§ Brief:
Omitting all images, output the entries that follow exactly as written.
===== Material shown
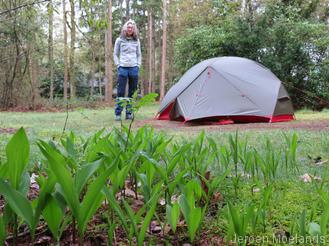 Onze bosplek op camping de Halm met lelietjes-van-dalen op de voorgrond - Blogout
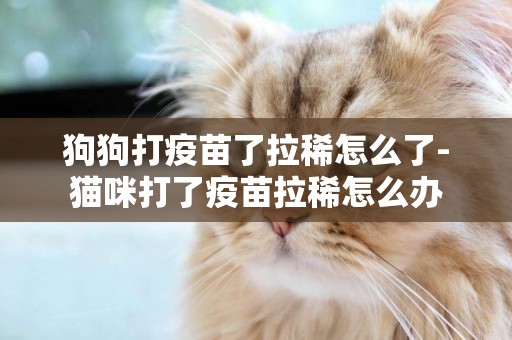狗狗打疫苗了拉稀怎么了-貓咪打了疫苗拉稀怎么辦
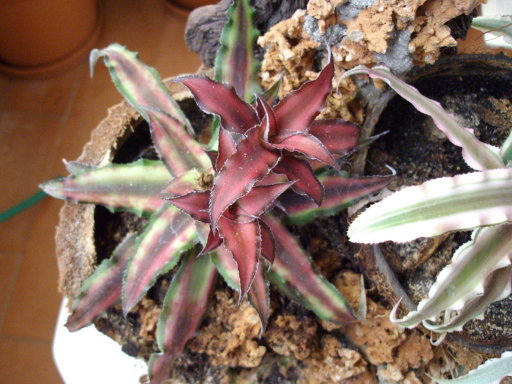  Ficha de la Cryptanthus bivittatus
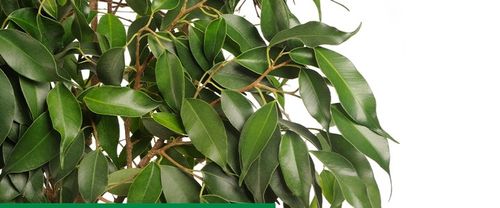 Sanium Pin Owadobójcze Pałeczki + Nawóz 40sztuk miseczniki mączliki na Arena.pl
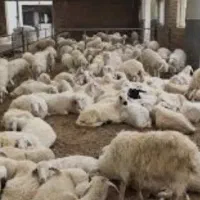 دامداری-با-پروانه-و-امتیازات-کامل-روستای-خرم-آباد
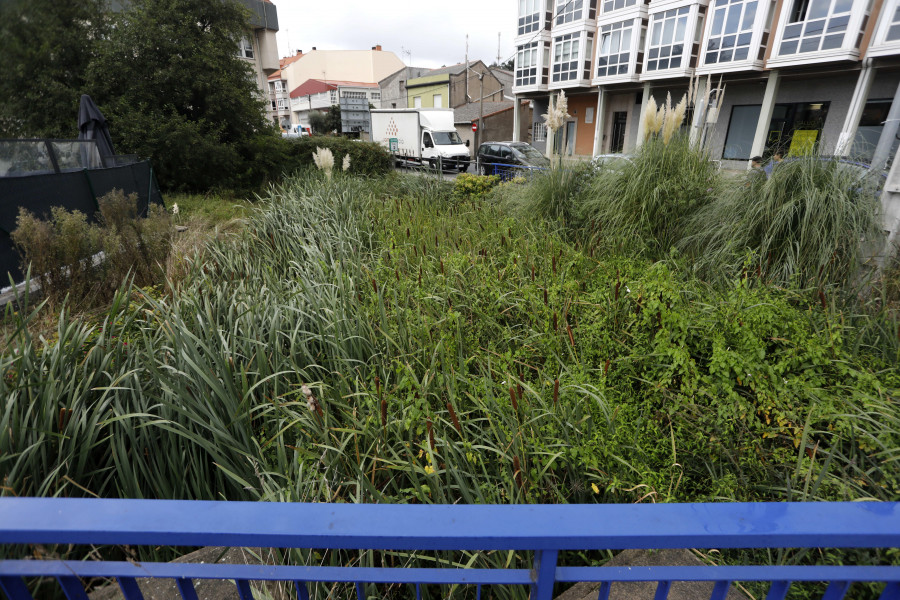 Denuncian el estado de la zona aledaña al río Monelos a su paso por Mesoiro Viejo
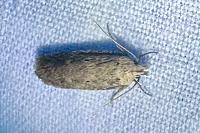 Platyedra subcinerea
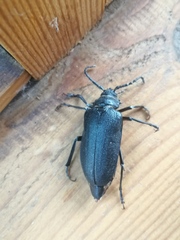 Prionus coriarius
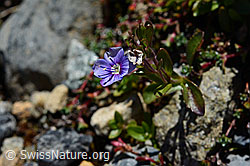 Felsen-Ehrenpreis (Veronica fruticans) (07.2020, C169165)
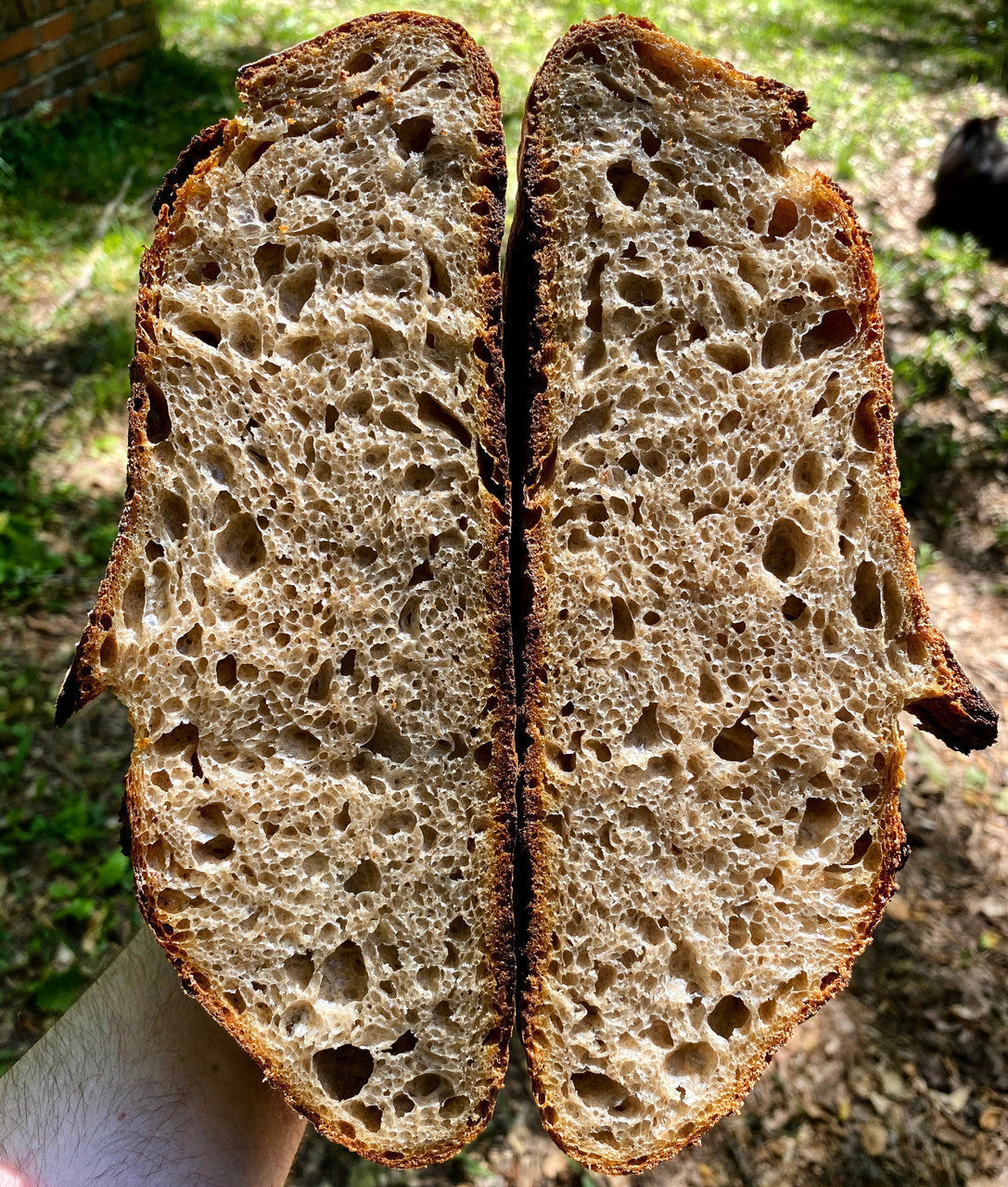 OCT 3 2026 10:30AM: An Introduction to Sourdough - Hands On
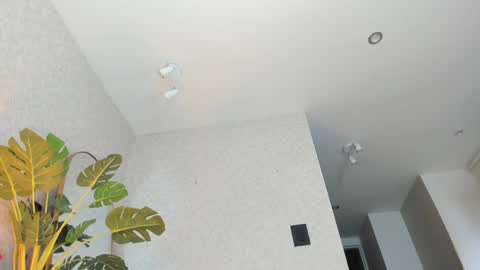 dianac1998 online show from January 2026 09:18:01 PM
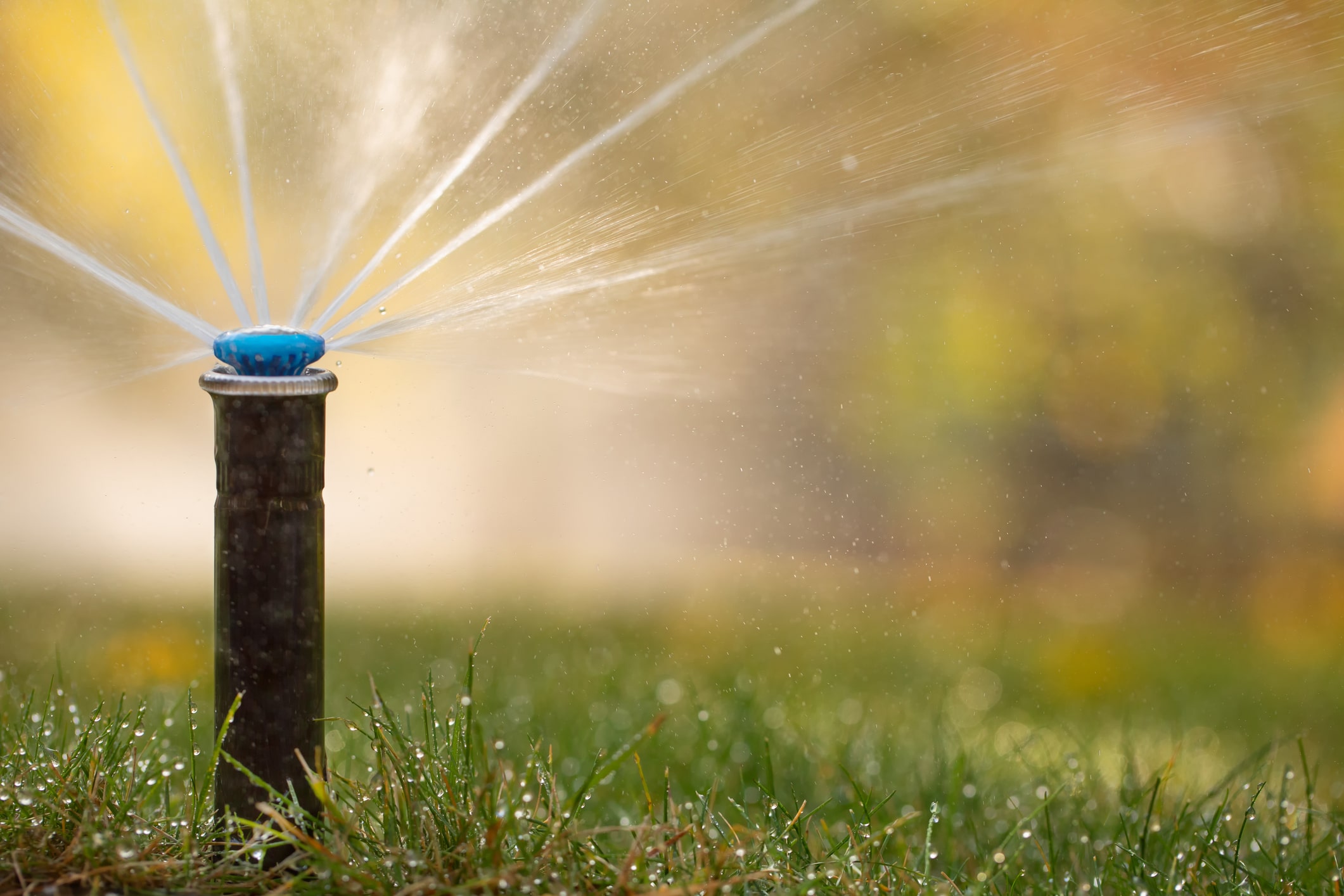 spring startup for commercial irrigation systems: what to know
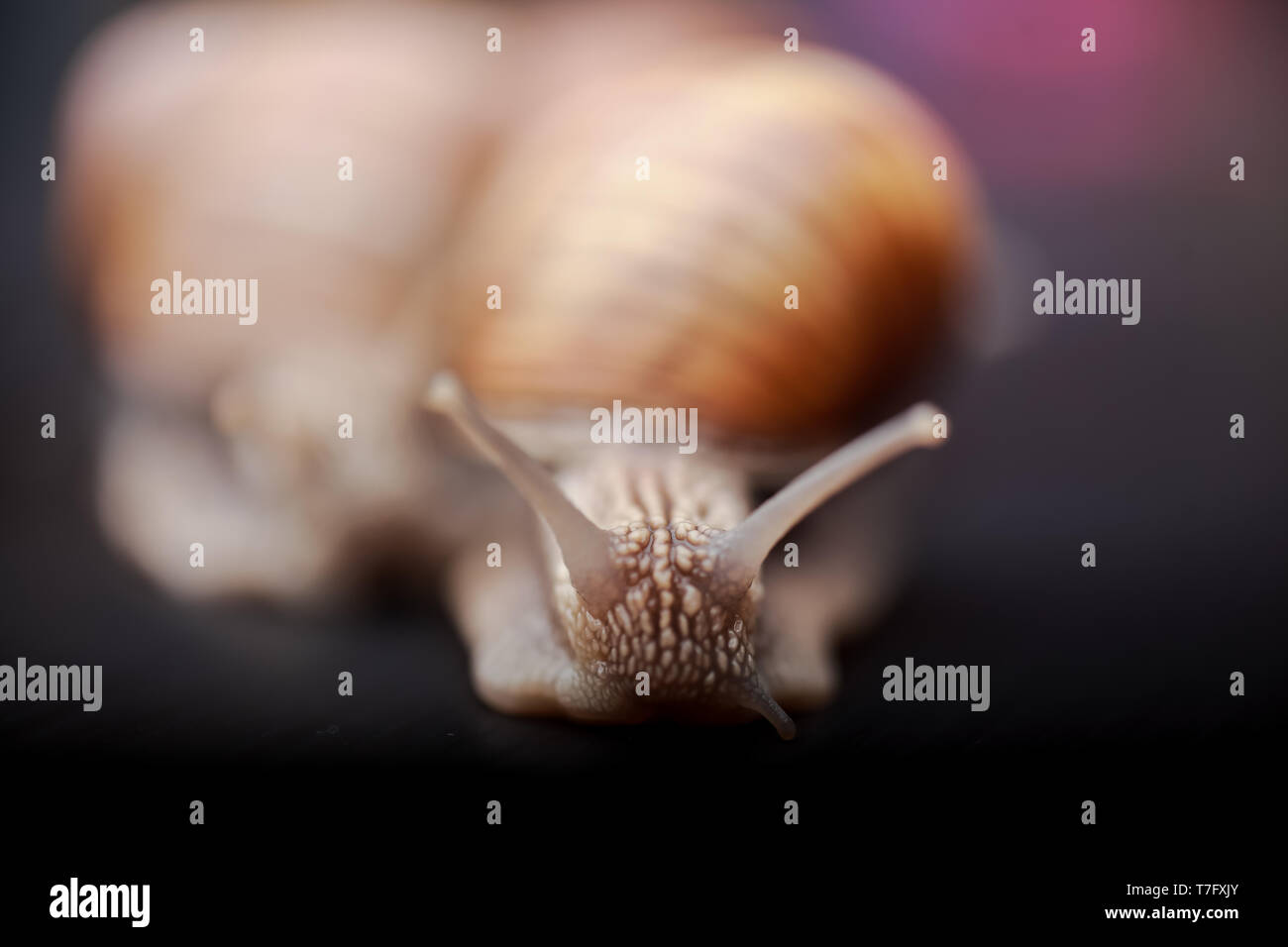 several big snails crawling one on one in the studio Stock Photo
==========
§ Completed task:
 Onze bosplek op camping de Halm met lelietjes-van-dalen op de voorgrond - Blogout
狗狗打疫苗了拉稀怎么了-貓咪打了疫苗拉稀怎么辦
  Ficha de la Cryptanthus bivittatus
 Sanium Pin Owadobójcze Pałeczki + Nawóz 40sztuk miseczniki mączliki na Arena.pl
 دامداری-با-پروانه-و-امتیازات-کامل-روستای-خرم-آباد
 Denuncian el estado de la zona aledaña al río Monelos a su paso por Mesoiro Viejo
 Platyedra subcinerea
 Prionus coriarius
 Felsen-Ehrenpreis (Veronica fruticans) (07.2020, C169165)
 OCT 3 2026 10:30AM: An Introduction to Sourdough - Hands On
 dianac1998 online show from January 2026 09:18:01 PM
 spring startup for commercial irrigation systems: what to know
 several big snails crawling one on one in the studio Stock Photo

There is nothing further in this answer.